Episode 5: Climate Change and Climate Justice: Landscapes for a new world

In this episode of Africa in Conversation we speak to political ecologist and environmental scientist Katrina Lehman-Grube. Climate change events and its destruction is no longer just a B-grade script from a sc-fi television series. It is the reality of life in the 21st century – ask the communities of Kwa Zulu Natal and the Western Cape in South Africa who experienced once in a generation flooding, the thousands of displaced people in Libya, the fire-storm victims in Greece, and the heatwave health crises in Europe this past summer. Climate Change is everywhere – but its effect and destruction is felt very differently depending on where you live, how much you earn and what access you have to mitigating resources. We explore the notion of climate change and climate change events in the face of social crises and social inequality.

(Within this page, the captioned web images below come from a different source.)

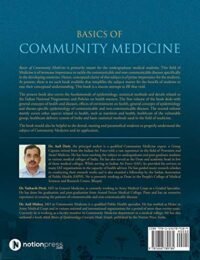 BASICS OF COMMUNITY MEDICINE VOLUME II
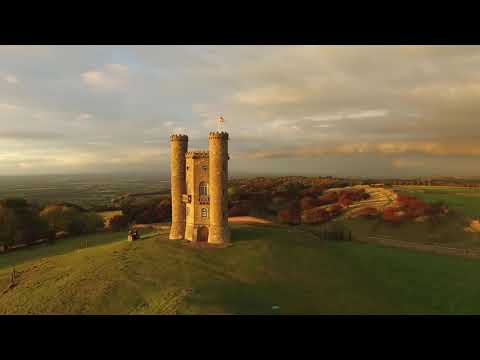 Broadway Tower Cotswolds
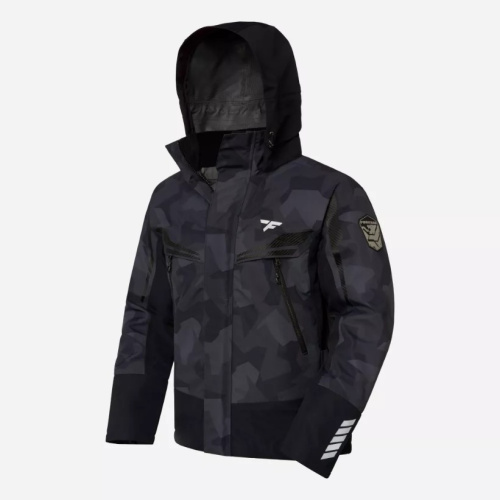 Finntrail Куртка Speedmaster 4029 CamoShadowBlack в Перми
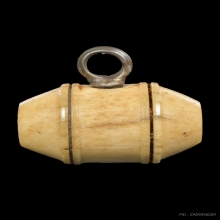 “ตะโพนชื่อเสียงโด่งดัง”หลวงพ่อภักตร์ วัดโบสถ์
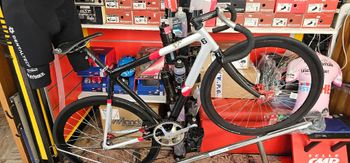 Brugt Pista Custom Other Campagnolo 2015 Road & Gravel — billede 5 af 6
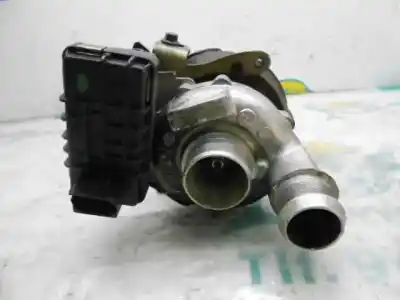 Автозапчастина б/у турбонагрузник для jaguar s-type 2.7 v6 diesel cat посилання на oem iam 72642313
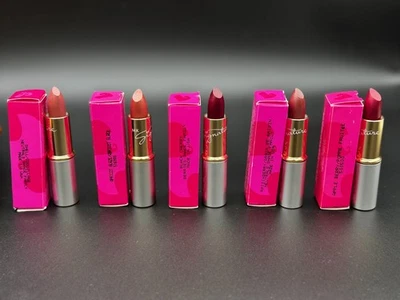 Mary Kay Signature Creme Lipstick DISCONTINUED NWB - Pick your Shade -  NEW - Image 1 of 4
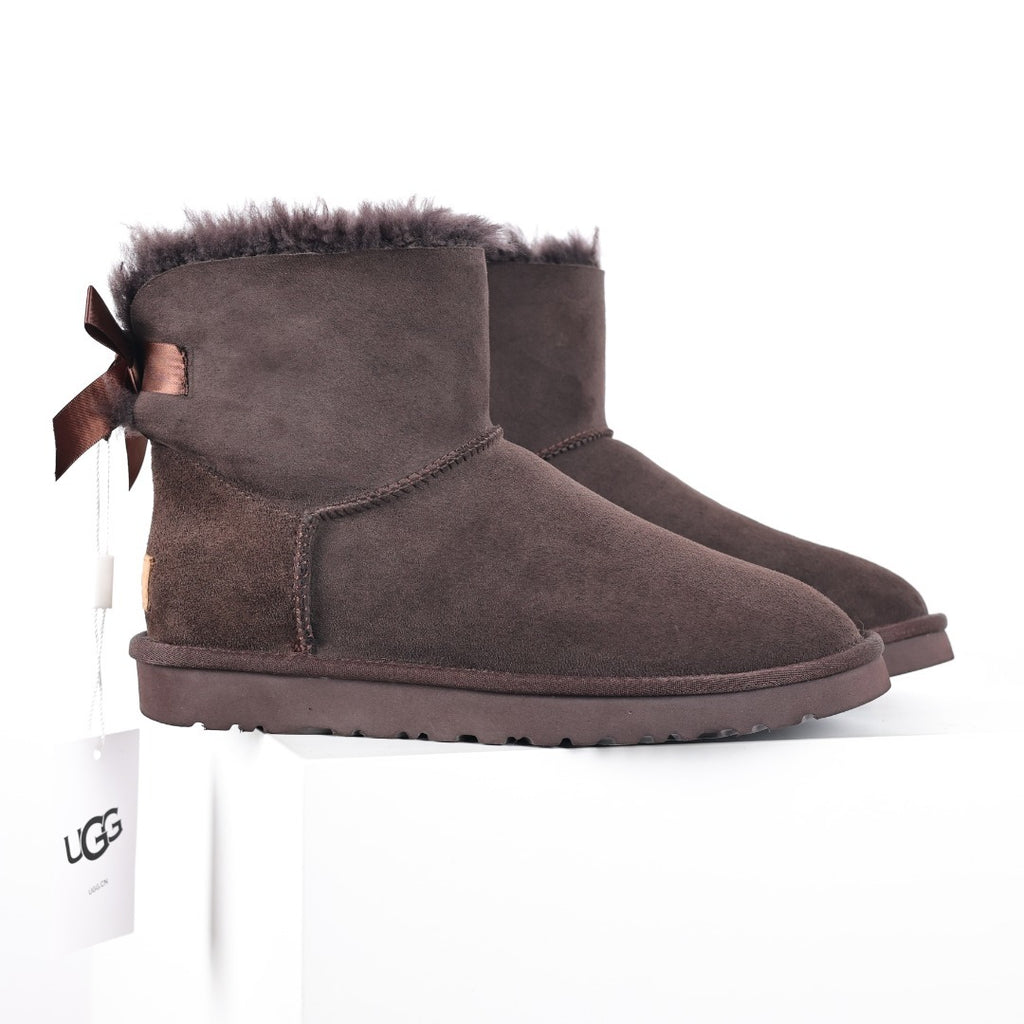UGG Women's Bailey Mid-Calf Boots - Style 215587952 - view 3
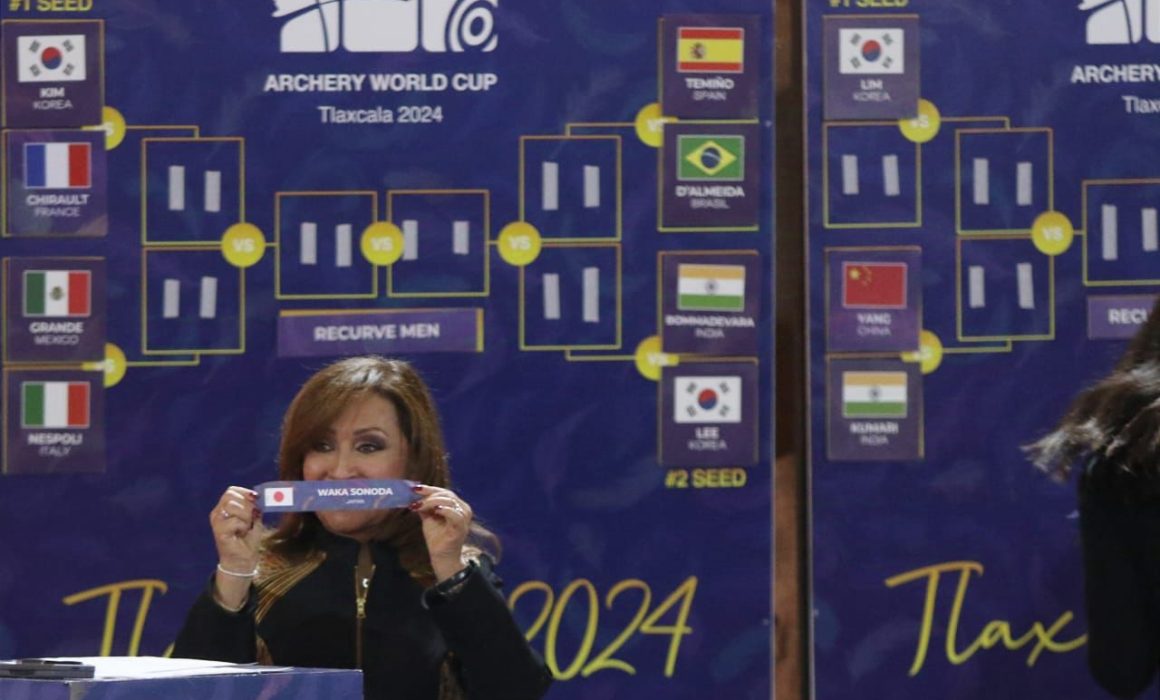 Definen duelos para arqueros mexicanos en la Final de Copa del Mundo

Guest: Katrina Lehmann-Grube
Presenter and interviewer: Helga Jansen-Daugbjerg

Katrina Lehmann-Grube is a passionate researcher and advocate for environmental and climate justice. She is starting a PhD at the Environmental Humanities South Unit at UCT, studying the intersections of climate change and land injustice in South Africa. She is a Cannon Collins Scholar at the Cannon Collins Trust and an Associate Researcher on the Climate Change and Inequality Project at the Southern Centre for Inequality Studies.